Source data:
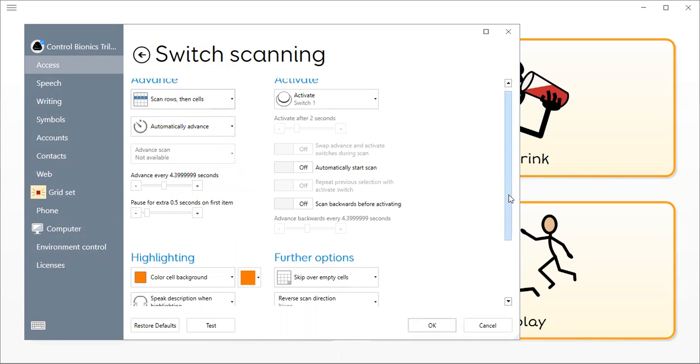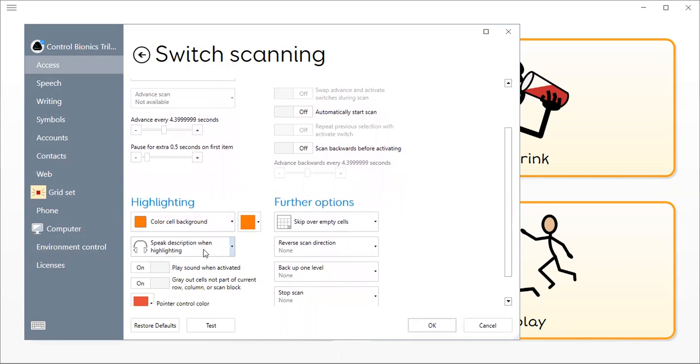I can choose the color that it's going to highlight as it's scanning, whether it's just the border or the whole cell.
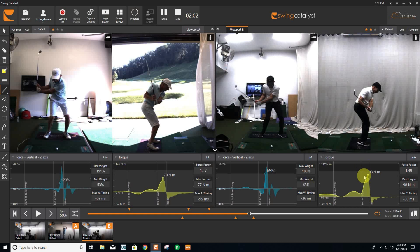Just a couple of the features that we really love. Feel free to reach out with any questions on other ways that we use the software, but there really is no better platform to be able to measure and catalog lessons from day to day.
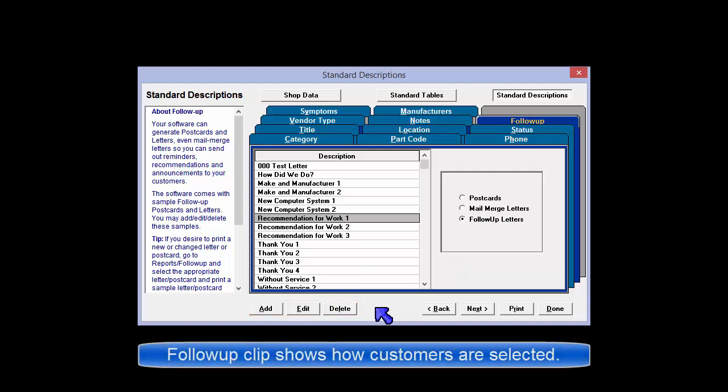The follow-up tabs inside the Report Selector are used to determine who should receive the postcards or letters, and that process will be discussed in greater detail in other video clips.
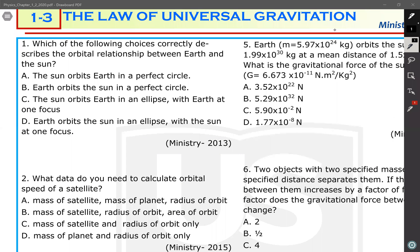Now let's answer the questions about Section 3, Chapter 1. The title is 'The Law of Universal Gravitation.' We'll answer the minister exam questions about this title.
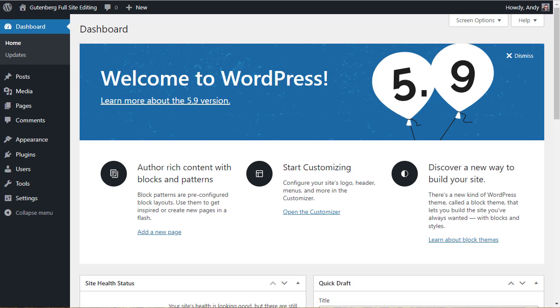However, I would also recommend that you wait a week or two before you do update. Because 5.9 has lots and lots of changes, and it will have lots and lots of bugs. And until WordPress 5.9 has had a chance to be installed on various websites, those bugs aren't going to come to light. So it's always a good idea to wait a week or two, or even three or four, before you update to 5.9. But the good news is once 5.9 is stable, then you can update without any problem.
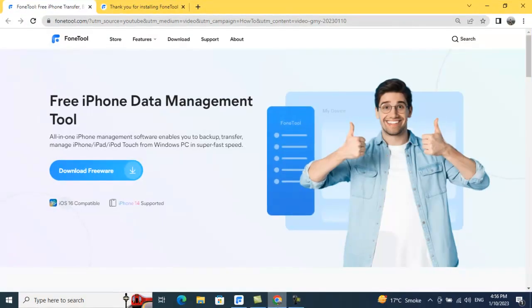Hey guys, welcome back to my channel. Today I'm back with an amazing software called PhoneTool, which is one of the best software I have come across in tech. PhoneTool is a tool specifically designed for iPhone users — those holding an iPhone, iPad, or iPod Touch — who want to manage their data efficiently and very easily. I've already downloaded and installed it on my Windows machine, and I've given a download link in the description below.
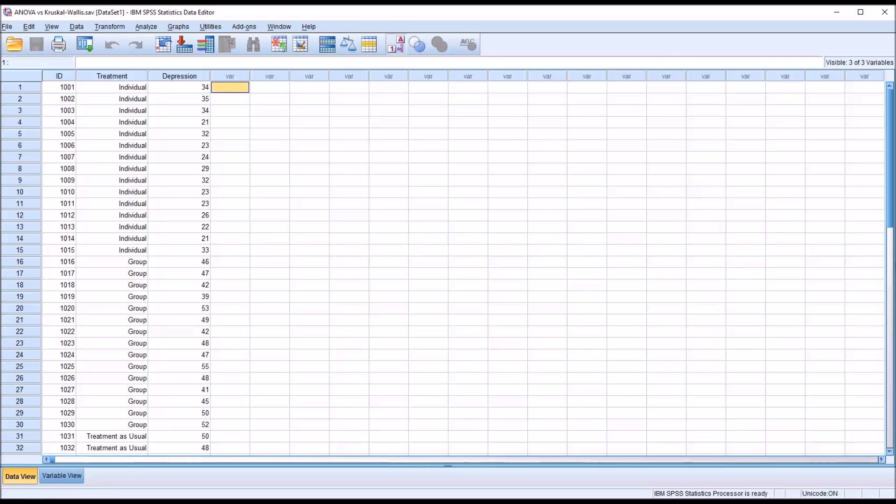Hello, this is Dr. Grande. Welcome to my video on using the Find and Replace feature in SPSS.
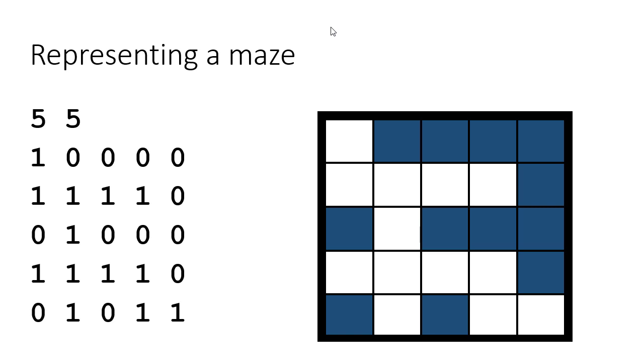In this video we're going to revisit our maze solver that we wrote for the recursion module and now we're going to write one that's going to work using stacks. Once we're done we'll compare the two solutions and discuss the differences and similarities.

> **WORK ORDER**:
Precisely those lines above that run from the line with "Just a couple" up to and including the line with "However, I would" are to be set down, with the pictures omitted.

> **EXERCISE SOLUTION**:
Just a couple of the features that we really love. Feel free to reach out with any questions on other ways that we use the software, but there really is no better platform to be able to measure and catalog lessons from day to day.
The follow-up tabs inside the Report Selector are used to determine who should receive the postcards or letters, and that process will be discussed in greater detail in other video clips.
Now let's answer the questions about Section 3, Chapter 1. The title is 'The Law of Universal Gravitation.' We'll answer the minister exam questions about this title.
However, I would also recommend that you wait a week or two before you do update. Because 5.9 has lots and lots of changes, and it will have lots and lots of bugs. And until WordPress 5.9 has had a chance to be installed on various websites, those bugs aren't going to come to light. So it's always a good idea to wait a week or two, or even three or four, before you update to 5.9. But the good news is once 5.9 is stable, then you can update without any problem.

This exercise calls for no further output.